Input for this task ▸
Start of Block

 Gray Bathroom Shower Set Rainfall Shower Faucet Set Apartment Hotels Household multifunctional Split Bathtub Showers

End of Block
Start of Block

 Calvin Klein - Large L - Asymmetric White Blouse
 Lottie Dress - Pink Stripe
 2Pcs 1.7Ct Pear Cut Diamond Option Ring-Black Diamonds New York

End of Block

Your assignment ▸
Word for word, restate the lines of the listing above starting at the line with "Lottie Dress - Pink Stripe" and ending at the line with "2Pcs 1.7Ct Pear", and nothing outside them.

The answer ▸
 Lottie Dress - Pink Stripe
 2Pcs 1.7Ct Pear Cut Diamond Option Ring-Black Diamonds New York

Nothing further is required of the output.